Deuxièmement, la cotisation complémentaire sera assise sur la valeur ajoutée, ce qui a pour conséquence très directe que la réforme, engagée au nom de l’objectif de rétablissement de la compétitivité de nos entreprises, va réintroduire dans l’assiette d’imposition les salaires qui en avaient été exclus en 1999, sous l’invocation du même objectif de défense de la compétitivité de l’économie française.
Concrètement, le prélèvement de 1, 5 % se traduira par une nouvelle cotisation de près de 2, 5 % sur les salaires bruts, s’ajoutant aux charges sociales déjà acquittées par les entreprises. Ce paradoxe ne peut être en partie surmonté que par l’allégement de 4, 3 milliards d’euros des prélèvements obligatoires dont bénéficieront globalement les entreprises et par l’aggravation concomitante du déficit public. Mes chers collègues, évitons de proclamer que nous supprimons la taxe professionnelle en créant une contribution économique territoriale qui aurait toutes les apparences d’une taxe professionnelle antérieure à 1999 !
Troisièmement, il existe un risque d’optimisation, car, en France, certains sont champions en la matière. L’Assemblée nationale devrait cependant y pourvoir en imposant que la valeur ajoutée soit calculée au niveau de la structure mère et non pas des filiales.
Le second volet de la réforme, à savoir la refonte des finances locales, est celui qui suscite aujourd’hui les crispations les plus visibles, à la mesure de l’enjeu pour les collectivités territoriales, qui perdront une recette leur rapportant globalement plus de 20 milliards d’euros par an.

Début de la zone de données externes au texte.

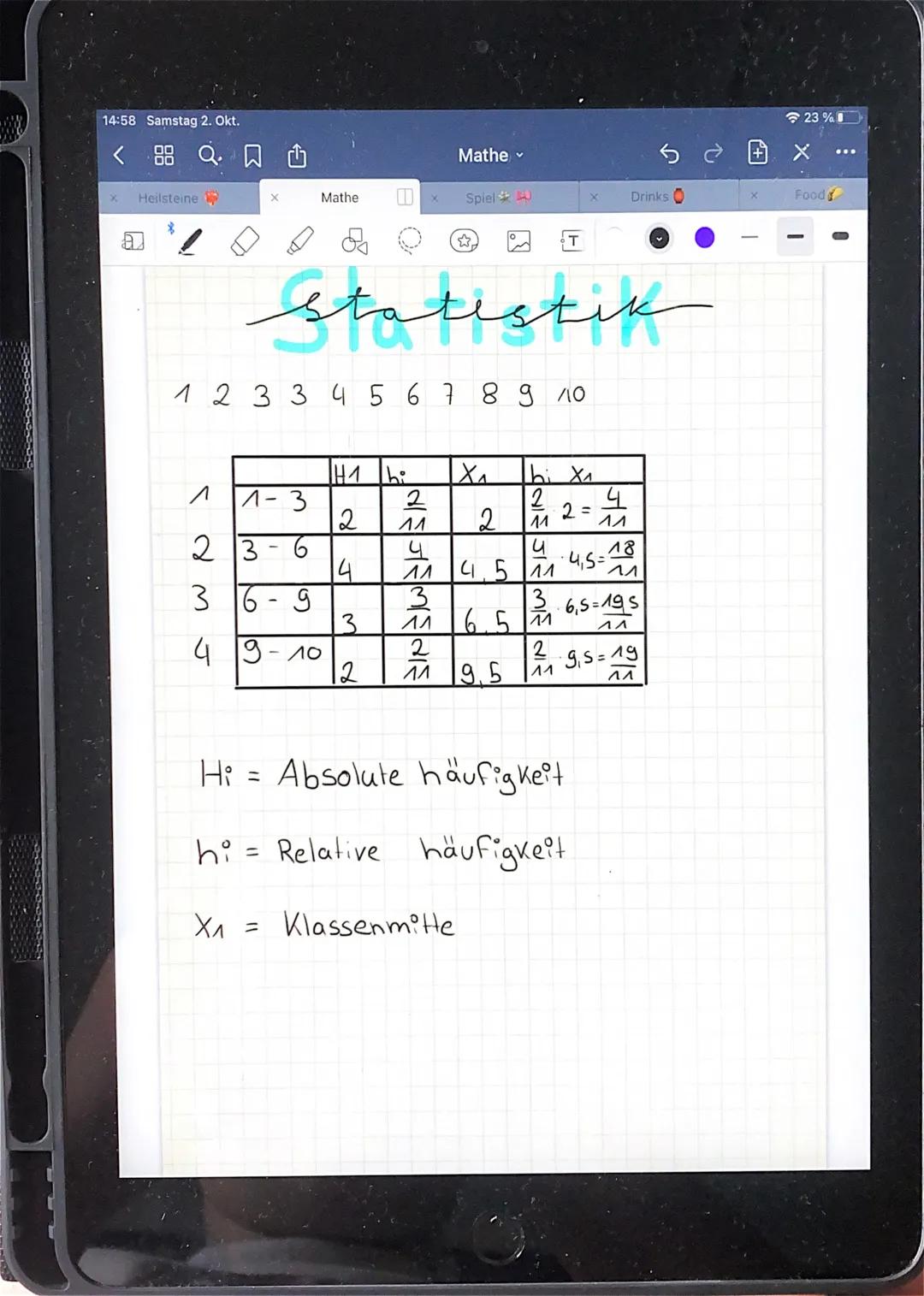 14:58 Samstag 2. Okt.
<
Mathe
Heilsteine
X
Mathe
X
Spiel
*
a
T
SX
X
Drinks
Statistik
1 2 3 3 4 5 6 7 8 9 10
Modalwert Median
Me dian = Jst d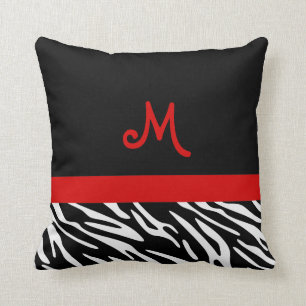Trendy Black en Red Zebra Stripe Monogram Kussens
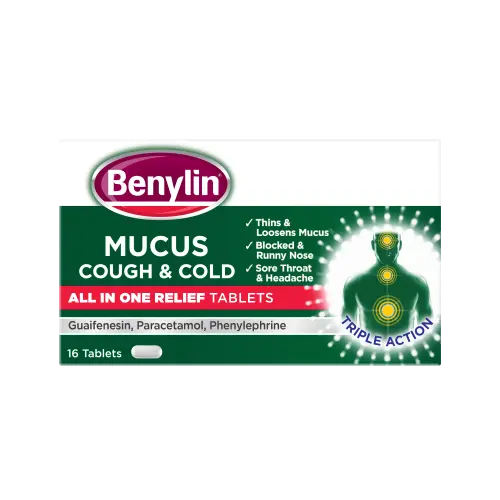 BENYLIN Mucus Cough & Cold All in One Relief Tablets 16s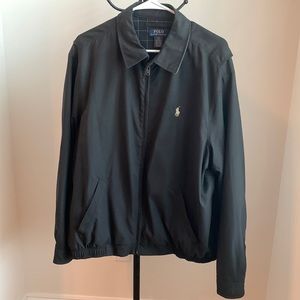POLO RALPH LAUREN WINDBREAKER JACKET in BLACK with TAN HORSE and JOCKEY Sz L
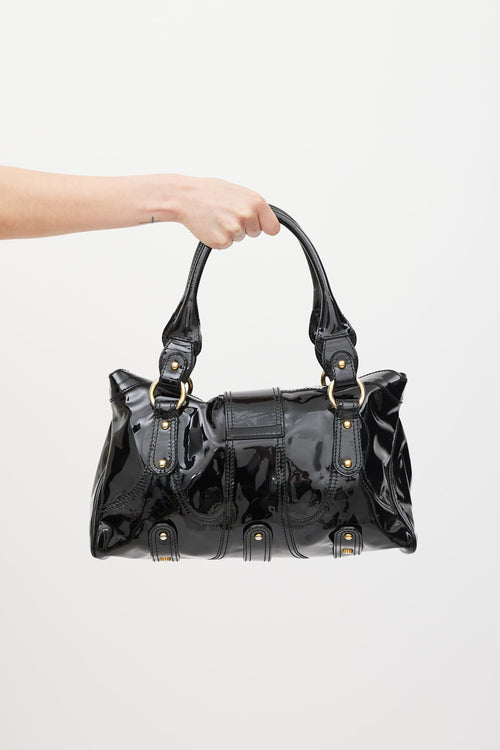 Valentino Black Patent Leather Crystal Catch Bag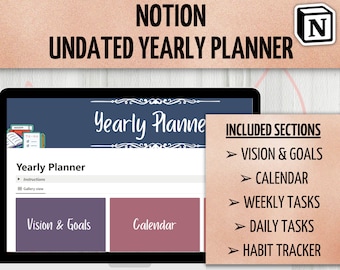 Yearly Planner Notion Template, Undated Notion Planner Template, Notion Digital Planner, Notion Habit Tracker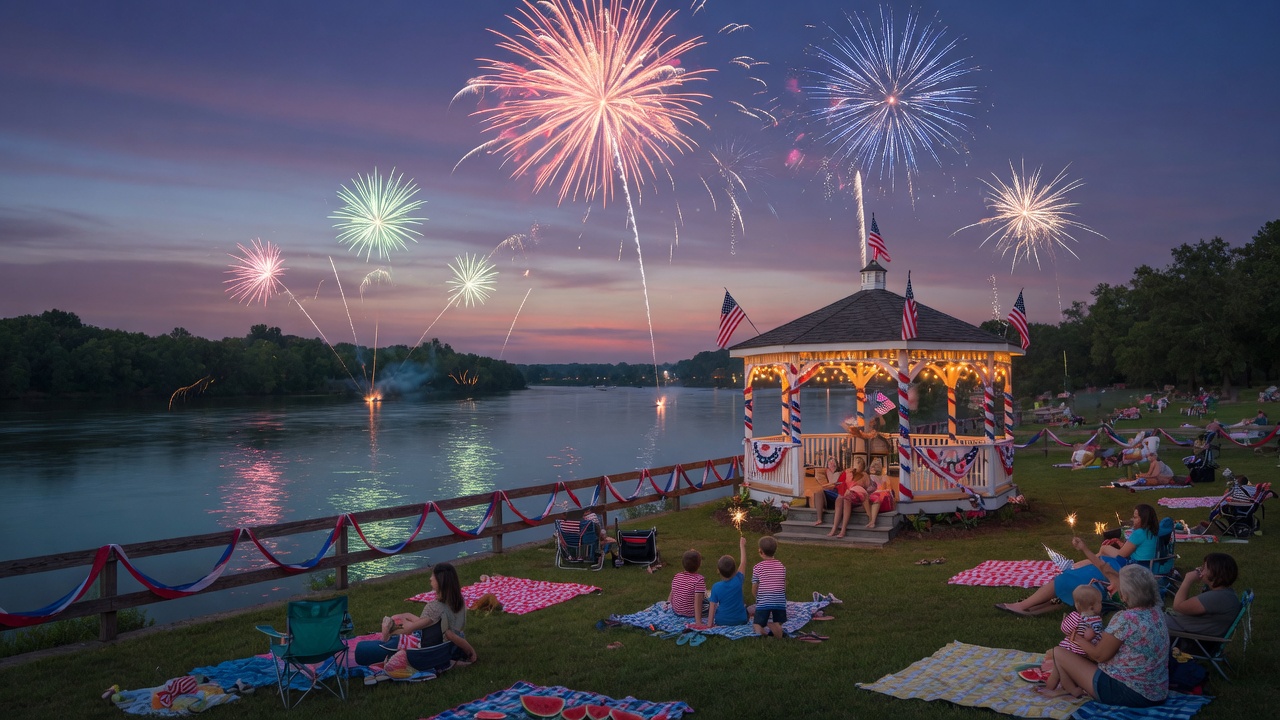 Fireworks reflecting on the Appomattox River at dusk in Hopewell VA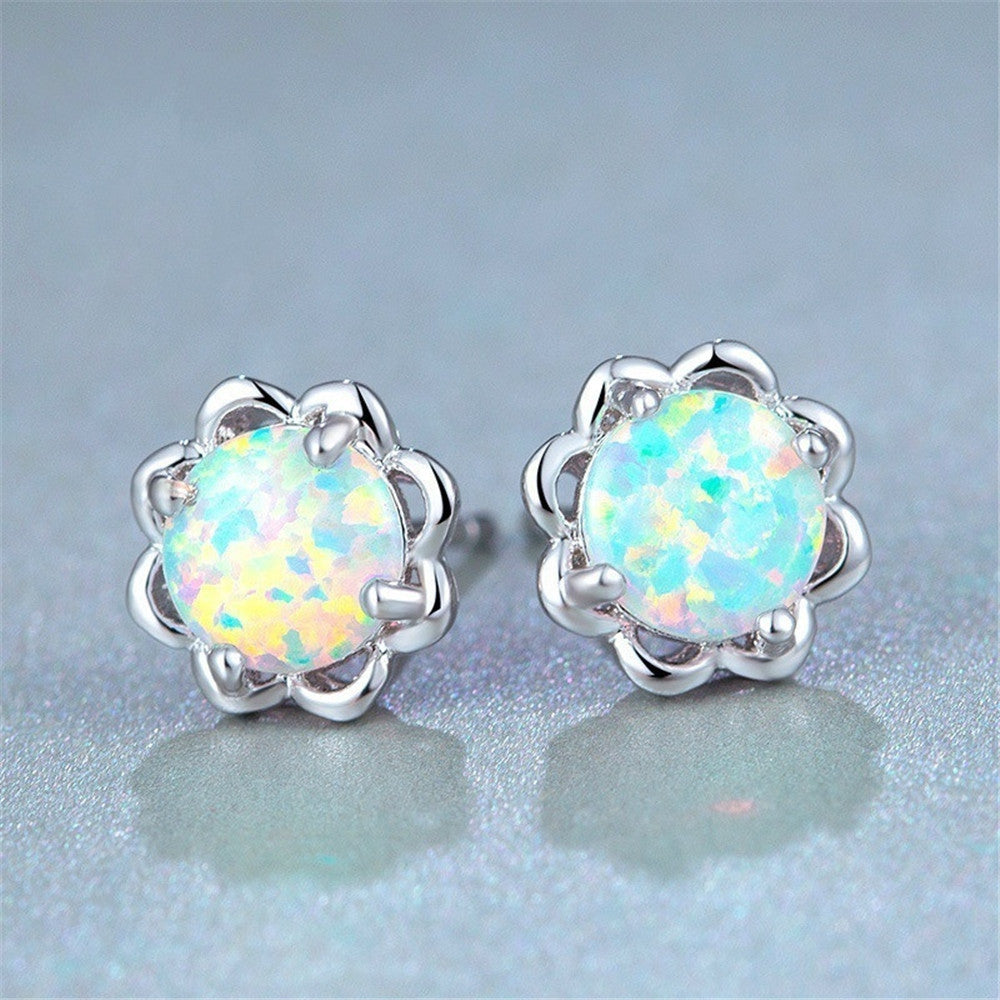 Opal Luxury Flower Creative Imitation Opal Women's Ear Studs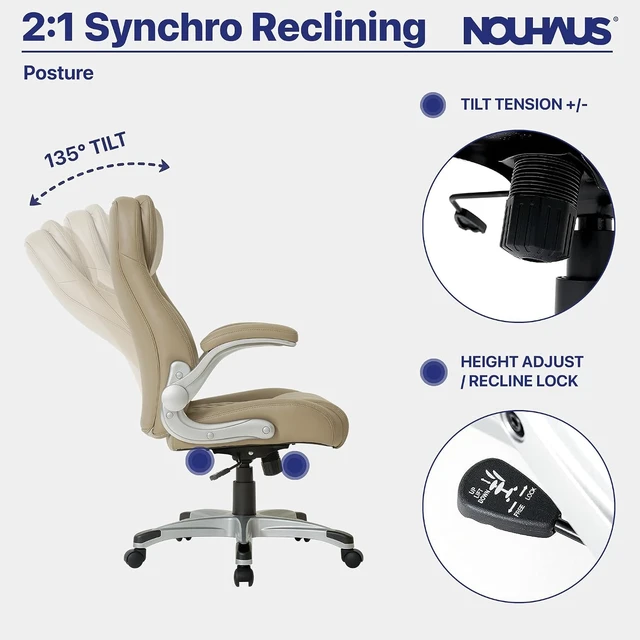 Alt view image 3 of 7 - +Posture Ergonomic PU Leather Office Chair. Click5 Lumbar Support with FlipAdjust Armrests. Modern Executive Chair and Computer Desk Chair (Taupe)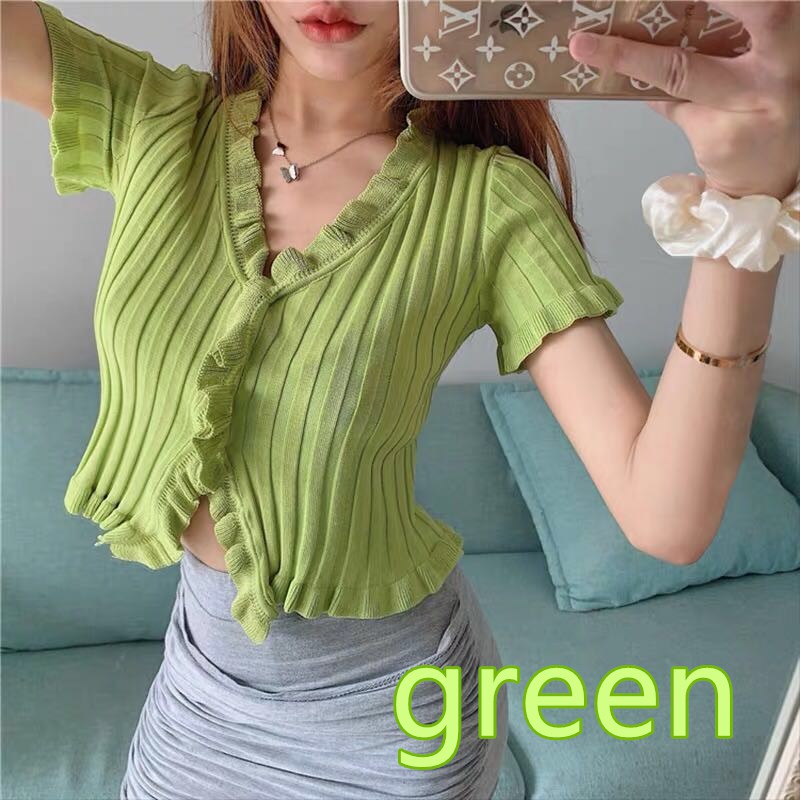 Áo dệt kim tay ngắn thiết kế xẻ trước phong cách Jennie BLACKPINK điệu đà thời trang cho nữ | BigBuy360 - bigbuy360.vn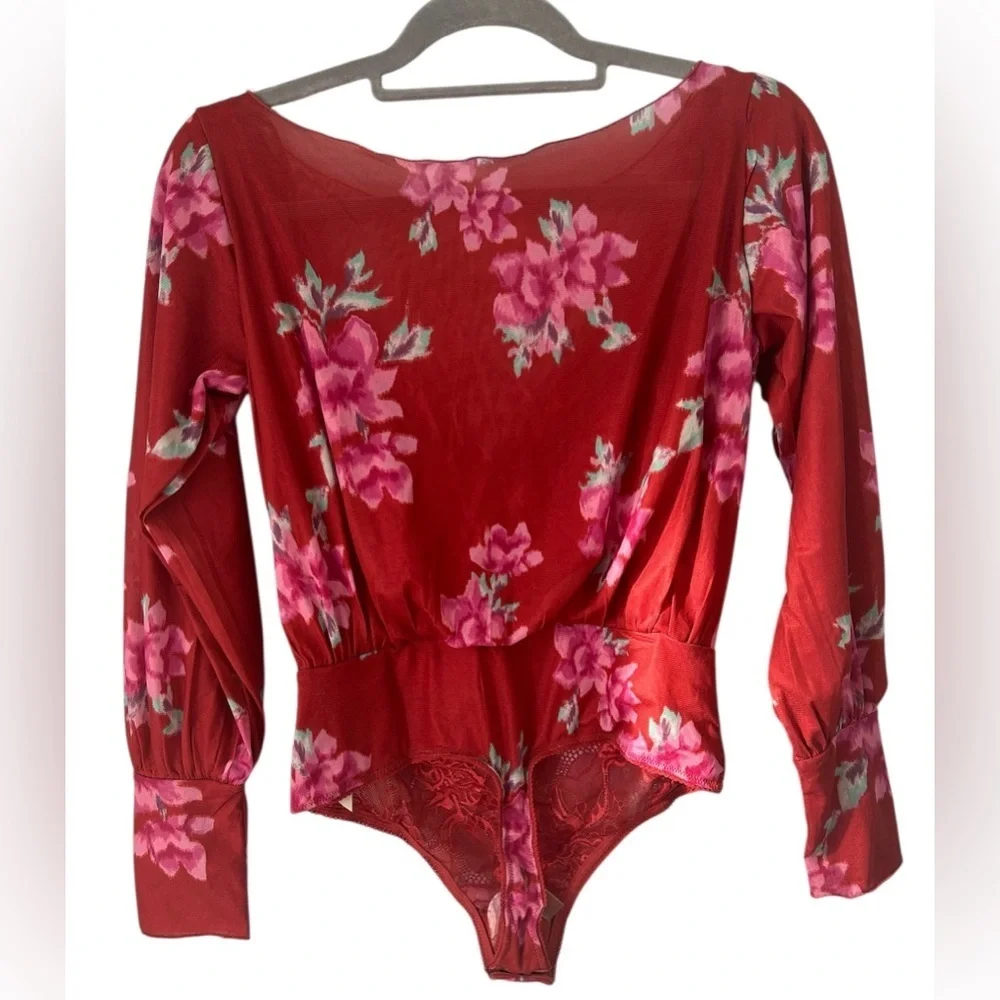 Free People Womens Size Small Bodysuit Cherry Red Printed Floral lace lined NWT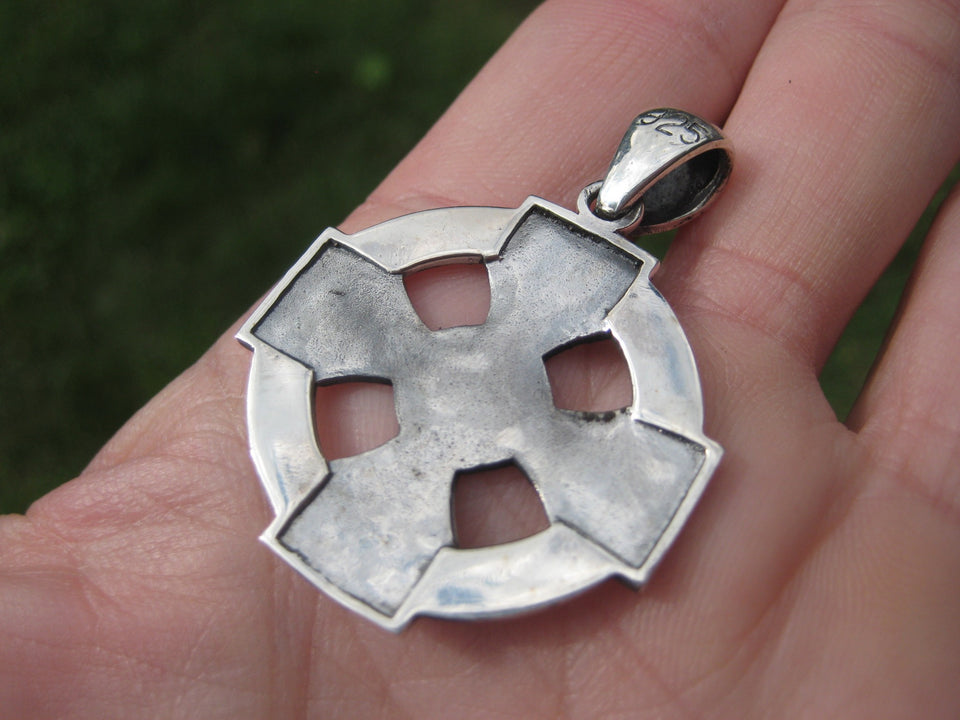 925 Silver Knights Templar Cross Celtic Cross Star Pendant Necklace A3844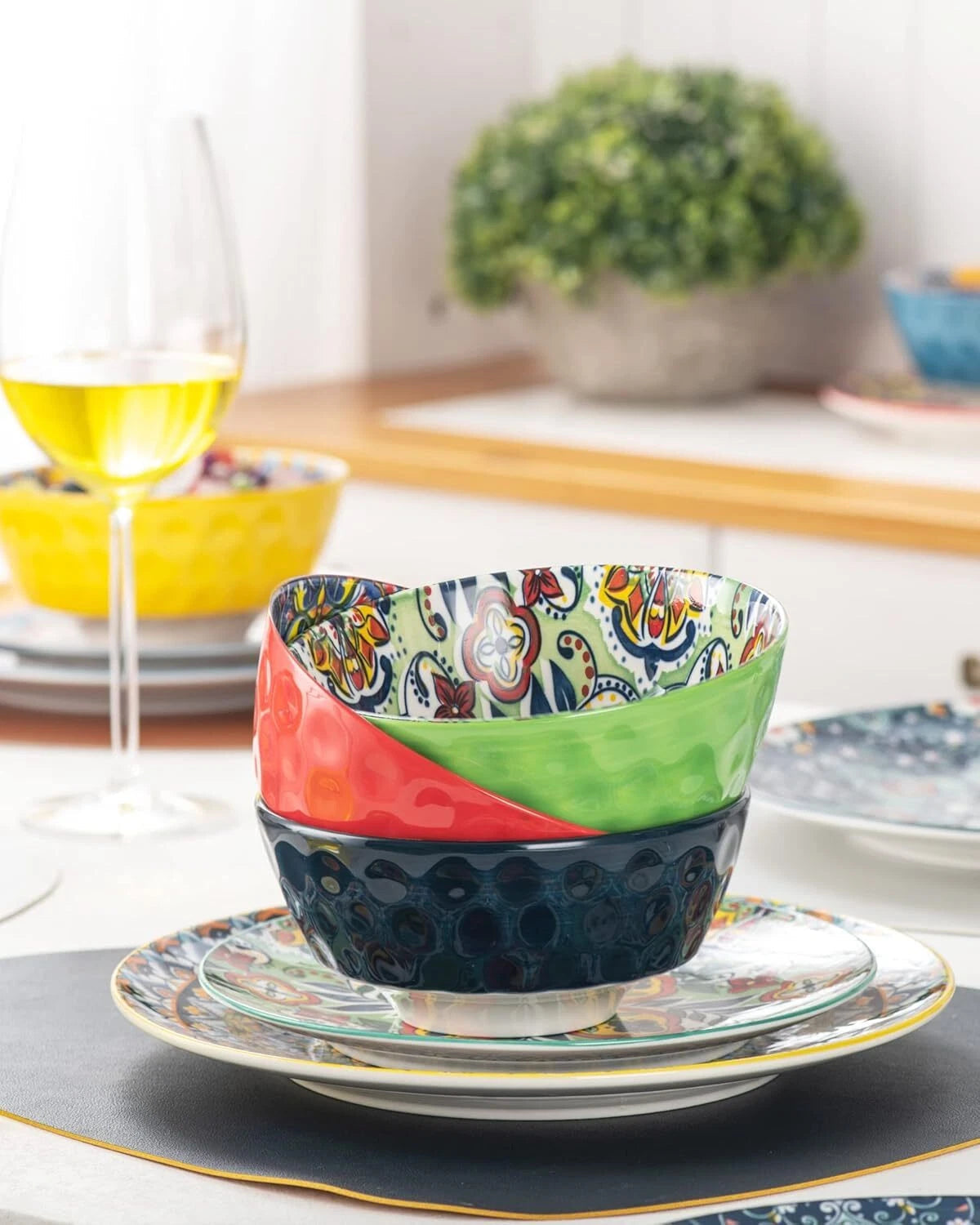 Ceramic Cereal, Soup Bowls Set of 6-25 Oz Porcelain Serving Bowls for Dinner 07FC0E-D4 - KOEEK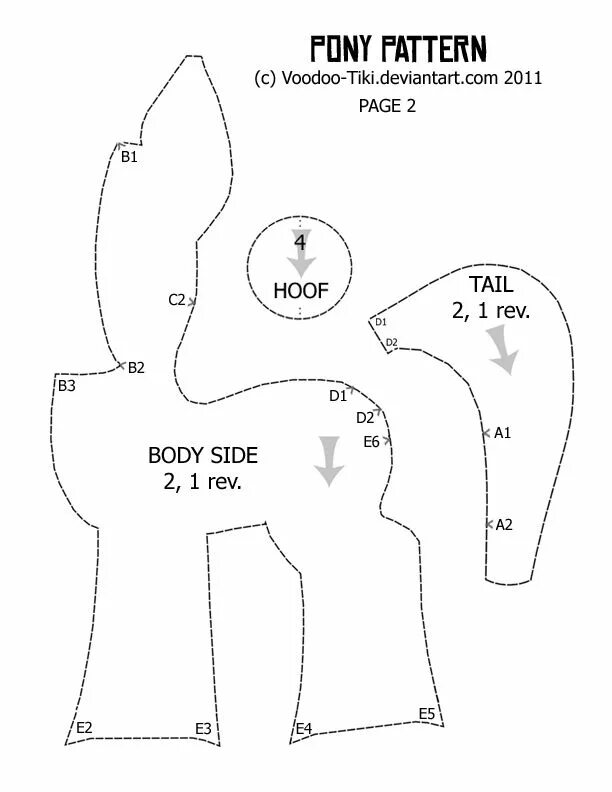 Пони выкройка мягкой игрушки My Little Pony pattern 2 by Voodoo-Tiki on deviantART Plushie patterns, Little p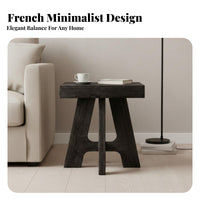 Vintage design Three-Legged circular table Distressed Finish Nightstand Retro Design Home Furniture Multi-Functional for Interior Decorators, Homeowners, Apartment Dwellers, Bedroom, Small Spaces, Entryway, Office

L’inquiétude est d’autant plus forte que les simulations détaillées par contribuable et par collectivité des conséquences de la suppression de la taxe professionnelle et de l’attribution de nouvelles ressources tardent à être diffusées auprès des intéressés. Celles qui sont d’ores et déjà disponibles paraissent peu lisibles et guère probantes…
D’ailleurs, monsieur le ministre, ces simulations ne se fondent que sur le texte du projet de loi de finances initial et ne prennent pas en compte les propositions de la commission des finances de l’Assemblée nationale. Peuvent-elles être réalisées de manière suffisamment éclairante dans des délais aussi courts et conduire à une prise de décision efficace par le Parlement, dès l’examen du présent projet de loi de finances ? Très sincèrement, je ne le pense pas…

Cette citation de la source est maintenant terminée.